The company has been trying to lure its customers to the cloud with its Rise with SAP offering, which promises lower costs and faster access to new features. But for those who are still reluctant to make the switch, SAP has some bad news.

On a recent earnings call, SAP CEO Christian Klein announced that the company will only deliver its new innovations and capabilities in its public and private cloud platforms, using Rise with SAP as the gateway. He said that this will allow the company to deliver innovations with speed, agility, quality, and efficiency. He also said that the company’s new innovations, such as new ERP functionalities, sustainability and carbon accounting solutions, and AI features, will not be available for on-premise or hosted on-premise ERP customers on hyperscalers which will cause SAP On-Premise Higher Cost.

In addition to depriving on-prem customers of new features, SAP is also increasing the cost of support for them. After freezing the support prices for a decade, SAP raised them by the local consumer price index (CPI) rate, capped at 3.3%, in January 2023. Next year, it will do the same, but with a higher cap of 5%.
SAP justified the price increases by citing “current market conditions” with “still-high inflation rates.” However, this contradicts the fact that many countries are seeing a decline in their inflation rates compared to last year.

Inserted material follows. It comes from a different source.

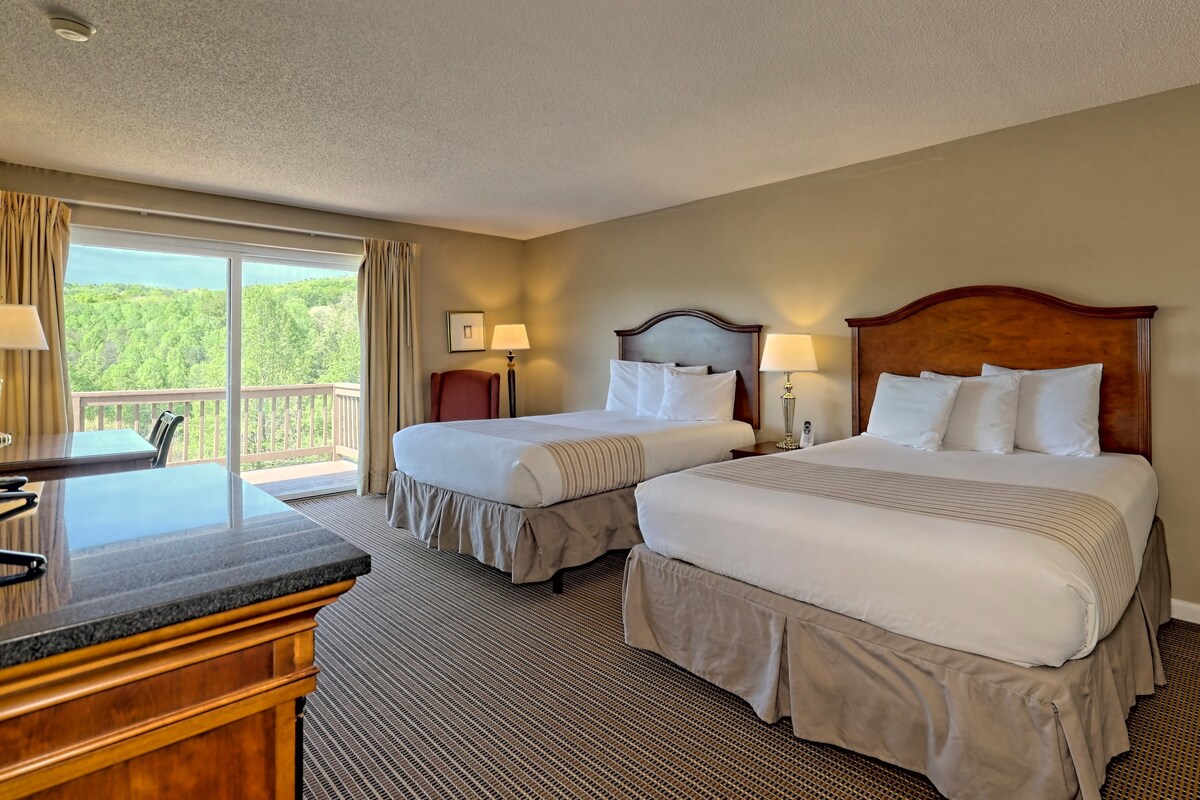 A spacious guest room features two Queen beds with soft linens and decorative headboards. Large glass doors lead to a private balcony with views of the surrounding greenery. Wood furnishings and lamps provide functionality, while neutral tones contribute to a calming environment.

For example, the UK’s annual CPI inflation rate dropped from 9.4% in June 2022 to 7.9% in June 2023, after reaching a peak of 11.1% in October 2022. In Belgium, the average CPI inflation rate was 9.59% in 2022, but it is expected to fall to 3.9% in 2023.
And in the US, the CPI inflation rate for the 12 months to June 2023 was 3.0%, down from 9.1% a year earlier.
The price increases have angered some SAP users, especially those who are using on-prem versions of SAP. Thomas Henzler, a board member for licenses, service, and support, at the German-speaking SAP Users Group, DSAG, said that SAP is not providing enough value for its support and services, and that it is unfair to charge more while offering less.
He said that SAP’s products are moving to the cloud, where customers have to pay separately, and that this reduces the original range of functions and benefits. He said that on-premise customers cannot be increasingly cut off from new features and innovations while at the same time prices continue to rise.
He also said that customers have little choice and have to accept “the bitter pill” given the time it takes to migrate to the cloud.
SAP indicated that it will continue to raise its support prices annually, based on an “annual decision” it published in a statement titled Adjustment of SAP Support Fees in late July 2023.